Human beings are created in the image of God, individually, fearfully and wonderfully made, according to Holy Writ. Noted author C.S. Lewis wrote in “The Weight of Glory,” “There are no ordinary people. You have never met a mere mortal.” In Robert Barker’s “Review of Metaphysics,” he quotes James Madison, the “Father of the Constitution,” regarding the duty to God: “This duty is precedent, both in order of time and in degree of obligation, to the claims of Civil Society. Before any man can be considered as a member of Civil Society, he must be considered as a subject of the Governor of the Universe.” This full expression of natural law disallows -ist, -ism or similar manifestation of inappropriate bias towards another human being.
For ages, people have been branded by visible and outward characteristics and assumed to represent one thing or another by such superficial preconceptions rather than a deeper knowing. Such knowing always requires effort, extension and exposure of self.
Systemic inequality is against the law. Looking for social adjustments and intervention from the state to create equity falls short. Laws have not solved the problem. The Emancipation Proclamation, elimination of Jim Crow, Brown versus the Board of Education, the Civil Rights Act of 1964, the Voting Rights Act of 1965, Equal Opportunity legislation, the 2009 Matthew Shepard and James Byrd Junior Hate Crimes Prevention Act and other legislative efforts, too numerous to cite, fall short. All of these rightfully, and with the full force of government behind each, attempt to eliminate -ists and-isms in our society. When reading the newspaper and watching television news, I am reminded of the regrettable shortcomings of the law. Through God-given free will, a person can affect the redeeming change of heart and balance on the razor-sharp, but simultaneously, the rusty knife-edge of righteous personal belief and legislated behavior. Eve and Adam exercised free will against God’s Law. Each, equal before God, made their own choice.
Equity is the quality of being fair and impartial and cannot be legislated, though we may try. Individuals give and receive equity, almost as a traded commodity. (The capitalism of the Golden Rule). Equality is the state of being equal in status, rights, and opportunities. Equality is Creator ordained, constitutionally guaranteed and often defined by metaphysical assumptions regarding people and their relationship to each other and the world around them.

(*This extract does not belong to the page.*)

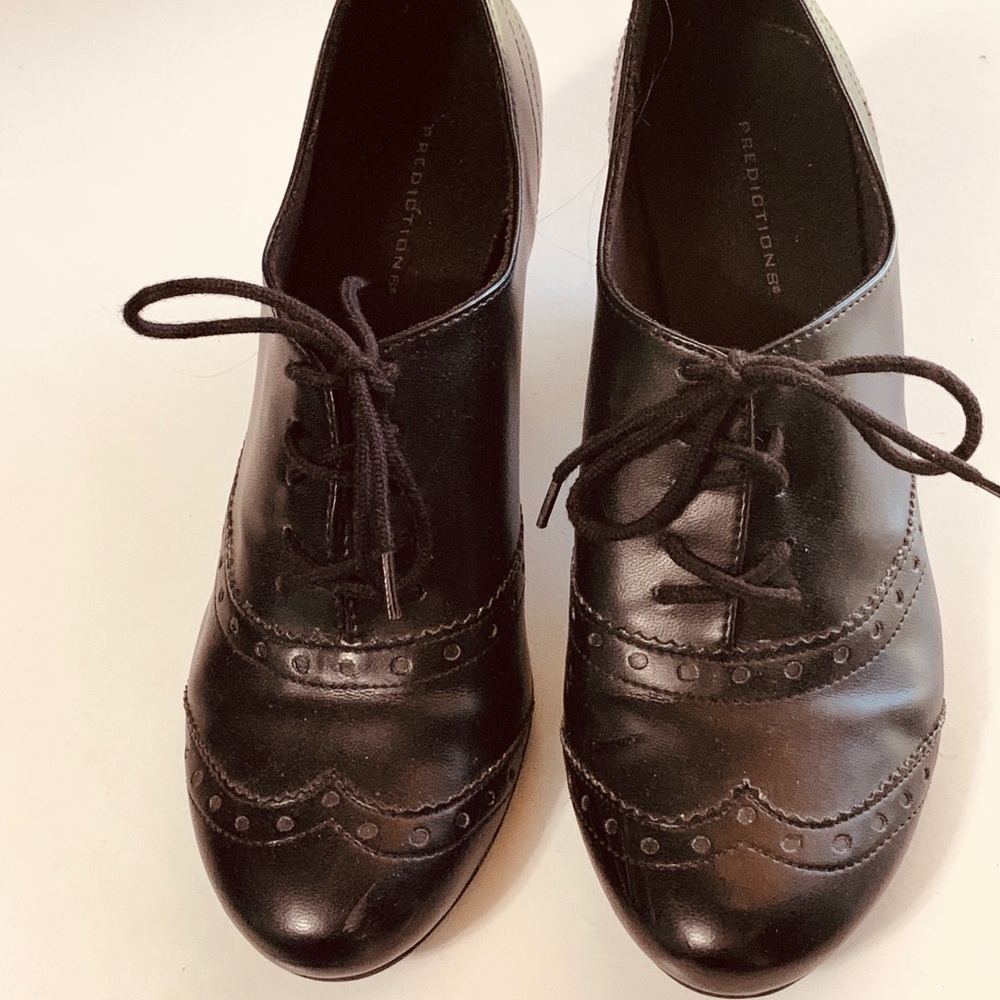 Women’s Brogue Heels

As an educator, I support and promote the power of individual responsibility and accountability based on personal, family and community values reinforced in the American Experiment. Deeply held precepts regarding personal responsibility and its exercise affect every academic, professional and vocational discipline studied and taught at West Texas A&M University. Joseph A. Hill, who led the Panhandle’s University from 1918 to 1948, acknowledged the power of personal responsibility in a free society speaking at The A&M College of Texas on July 29, 1935:
A fact of first importance in the democratic theory is the capacity, the right, and the responsibility of the individual, The Declaration of Independence proclaims, among other things, that every human being has measureless capacity for the abundant life; that he has an inalienable right to the opportunity to attain it; and that he is under heavy obligation to the society that makes this attainment possible. No one of these three elements of the American system can be omitted without serious danger to our whole governmental and social structure.
Our past is imperfect, as will be our future. Timeless truths light a path forward.